Thus, there is a need to be more particular with our words and avoid the “triggering” words (like “triggering”) unless necessary to communicate the truth about a situation. I might not feel “safe” if someone is following me on a dark, shadowy street because that person could physically attack me. This is very different from saying, “I don’t feel safe” in a college classroom where someone is expressing a viewpoint different from mine and poses no real threat to my safety.
God designed language to help us express ourselves, and when we use it to cause more confusion and chaos, we’re not stewarding the gift of language well. May we learn to use it with clarity so that we can love others better with the truth.
Next, we need to remind ourselves of the dignity and worth of the people around us. Even if words don’t pose a physical threat to others, they are powerful. Accusing others of holding to “extreme” views ostracizes them and makes them defensive. This tears down opportunities for relationships, especially with those we disagree with.
Sadly, I’ve been pulled into this trap where I see someone’s views on social media, and I start categorizing them as “the other side.” It’s easy to side with those you agree with and want to distance yourself from those you disagree with.
But Christ came to bride the gap and “break down the dividing wall of hostility” as Ephesians 2:14 says. We who once were enemies of Christ were brought near to him through his sacrifice, and now we need to look at others in the same way. We cannot forget the dignity of being human—we all share this in common regardless of what various viewpoints we have. And how could we trample on this dignity by labeling others in a way that makes them feel less valued?
Even with those we strongly disagree with, we can look at them and know they have inherent worth because they’re created in the image of God. This will help us to value them even when we struggle to understand their viewpoints.
Finally, we need to reach for common ground. You might think this is impossible when two viewpoints seem diabolically opposed to each other. I’m not saying we have to find common ground on certain issues because on many of them, it will be impossible.
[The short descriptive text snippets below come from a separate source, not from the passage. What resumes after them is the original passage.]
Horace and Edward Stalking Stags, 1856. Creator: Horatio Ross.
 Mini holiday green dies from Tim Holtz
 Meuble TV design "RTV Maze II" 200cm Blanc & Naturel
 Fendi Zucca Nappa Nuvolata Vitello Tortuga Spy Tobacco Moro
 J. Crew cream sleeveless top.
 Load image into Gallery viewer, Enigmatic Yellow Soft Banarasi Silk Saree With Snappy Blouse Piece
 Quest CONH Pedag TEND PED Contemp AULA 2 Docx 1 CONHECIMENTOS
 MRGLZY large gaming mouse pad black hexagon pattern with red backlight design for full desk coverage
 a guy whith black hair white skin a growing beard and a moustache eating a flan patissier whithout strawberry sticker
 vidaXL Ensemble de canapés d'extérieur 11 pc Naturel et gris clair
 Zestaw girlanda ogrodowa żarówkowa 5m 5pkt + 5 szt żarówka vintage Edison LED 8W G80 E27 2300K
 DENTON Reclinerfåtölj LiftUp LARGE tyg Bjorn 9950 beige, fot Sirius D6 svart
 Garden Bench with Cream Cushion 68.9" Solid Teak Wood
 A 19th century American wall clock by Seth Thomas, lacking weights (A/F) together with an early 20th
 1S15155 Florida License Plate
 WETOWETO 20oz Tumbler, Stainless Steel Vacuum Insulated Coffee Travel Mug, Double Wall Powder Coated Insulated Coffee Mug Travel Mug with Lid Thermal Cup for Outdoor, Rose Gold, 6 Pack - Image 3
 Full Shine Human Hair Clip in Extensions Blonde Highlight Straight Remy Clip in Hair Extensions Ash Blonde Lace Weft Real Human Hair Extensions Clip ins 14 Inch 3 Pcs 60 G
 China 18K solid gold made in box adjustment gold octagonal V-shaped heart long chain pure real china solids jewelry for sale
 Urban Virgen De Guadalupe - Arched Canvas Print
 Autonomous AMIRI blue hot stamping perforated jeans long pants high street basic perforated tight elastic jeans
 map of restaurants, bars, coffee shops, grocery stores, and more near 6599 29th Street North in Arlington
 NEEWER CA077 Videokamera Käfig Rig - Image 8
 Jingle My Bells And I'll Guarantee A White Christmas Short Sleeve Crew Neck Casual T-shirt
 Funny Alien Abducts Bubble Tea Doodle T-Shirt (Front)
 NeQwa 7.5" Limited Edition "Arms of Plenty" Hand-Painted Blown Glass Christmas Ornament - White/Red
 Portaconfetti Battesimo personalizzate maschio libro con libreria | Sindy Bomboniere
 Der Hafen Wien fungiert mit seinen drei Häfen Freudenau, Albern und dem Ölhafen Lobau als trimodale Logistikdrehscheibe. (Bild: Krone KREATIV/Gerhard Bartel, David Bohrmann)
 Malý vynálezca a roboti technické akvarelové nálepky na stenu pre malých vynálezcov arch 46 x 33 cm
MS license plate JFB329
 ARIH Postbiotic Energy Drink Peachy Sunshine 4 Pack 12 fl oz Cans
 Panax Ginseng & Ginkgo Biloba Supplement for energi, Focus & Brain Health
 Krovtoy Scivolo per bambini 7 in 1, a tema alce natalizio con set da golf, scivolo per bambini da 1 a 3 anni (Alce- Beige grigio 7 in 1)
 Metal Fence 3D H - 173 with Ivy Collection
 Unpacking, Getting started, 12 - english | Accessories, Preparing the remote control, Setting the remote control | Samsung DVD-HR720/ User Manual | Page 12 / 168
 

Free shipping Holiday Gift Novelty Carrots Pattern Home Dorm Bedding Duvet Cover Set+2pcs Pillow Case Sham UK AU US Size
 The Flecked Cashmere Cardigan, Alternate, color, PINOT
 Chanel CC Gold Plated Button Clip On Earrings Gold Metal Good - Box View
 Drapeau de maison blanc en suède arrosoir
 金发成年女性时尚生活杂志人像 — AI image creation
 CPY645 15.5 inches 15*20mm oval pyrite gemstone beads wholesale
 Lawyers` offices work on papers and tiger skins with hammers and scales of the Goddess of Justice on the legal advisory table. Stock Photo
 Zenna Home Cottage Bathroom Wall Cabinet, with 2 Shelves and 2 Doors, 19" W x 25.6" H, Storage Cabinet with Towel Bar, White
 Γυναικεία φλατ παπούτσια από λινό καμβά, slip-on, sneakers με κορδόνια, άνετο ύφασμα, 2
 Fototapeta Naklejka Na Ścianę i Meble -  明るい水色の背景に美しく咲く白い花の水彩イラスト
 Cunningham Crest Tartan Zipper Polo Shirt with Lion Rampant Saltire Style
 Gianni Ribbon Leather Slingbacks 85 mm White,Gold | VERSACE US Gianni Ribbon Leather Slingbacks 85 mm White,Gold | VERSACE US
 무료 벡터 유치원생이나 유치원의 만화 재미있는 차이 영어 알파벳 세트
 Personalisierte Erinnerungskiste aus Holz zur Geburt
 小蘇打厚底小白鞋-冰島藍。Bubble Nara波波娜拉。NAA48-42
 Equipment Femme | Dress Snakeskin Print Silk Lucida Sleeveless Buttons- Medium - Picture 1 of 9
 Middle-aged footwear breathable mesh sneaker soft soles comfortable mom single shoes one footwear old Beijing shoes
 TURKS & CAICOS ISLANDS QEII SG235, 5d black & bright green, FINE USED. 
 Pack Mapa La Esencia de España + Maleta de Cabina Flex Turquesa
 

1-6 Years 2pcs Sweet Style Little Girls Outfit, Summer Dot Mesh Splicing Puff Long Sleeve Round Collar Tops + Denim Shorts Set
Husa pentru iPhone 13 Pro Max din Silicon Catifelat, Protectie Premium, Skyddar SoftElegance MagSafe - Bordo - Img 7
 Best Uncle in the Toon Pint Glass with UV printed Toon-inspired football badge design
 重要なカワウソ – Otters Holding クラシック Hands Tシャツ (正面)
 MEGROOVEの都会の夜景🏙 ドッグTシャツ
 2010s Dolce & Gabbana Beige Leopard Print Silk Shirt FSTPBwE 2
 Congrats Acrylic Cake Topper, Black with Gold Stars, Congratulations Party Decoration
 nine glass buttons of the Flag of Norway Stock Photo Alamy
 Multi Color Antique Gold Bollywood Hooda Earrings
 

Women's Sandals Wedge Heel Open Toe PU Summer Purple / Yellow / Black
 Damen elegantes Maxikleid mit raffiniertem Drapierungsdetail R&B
But we need to look for common ground somewhere with people we disagree with. Find something that isn’t strongly charged that you both care about and focus on building your relationship through that. Maybe it’s a sports team, maybe it’s the theater, maybe it’s a book club or fine dining or traveling. You might think those seem like “superficial” things, but in reality, these are common graces that God has given us to enjoy with others that don’t have to divide us.
As we build relationships with others through these hobbies or activities, we will be reminding one another of our value beyond just a political standpoint. We will stop seeing our neighbor as “extreme” because of the sign on her lawn and simply see her as a human and a friend whom we enjoy spending time with.
We may not get the journalists and news anchors to stop using the word “extreme” to describe various ideologies. But we can choose not to get swept up in their emotional diatribes and instead break down issues logically and rationally. And we can also choose to not categorize whole groups of people based on their political party and focus rather on building relationships with individuals God has placed in our lives.
We don’t need to relinquish our beliefs because some find them “extreme.” I’m fully aware that people think I’m extreme simply for being a Christian and believing the Bible is true. If that’s the case, so be it. Jesus was also considered extreme in his day. But he didn’t let that stop him from loving people right where they were at, giving them the truth, and laying down his life for them.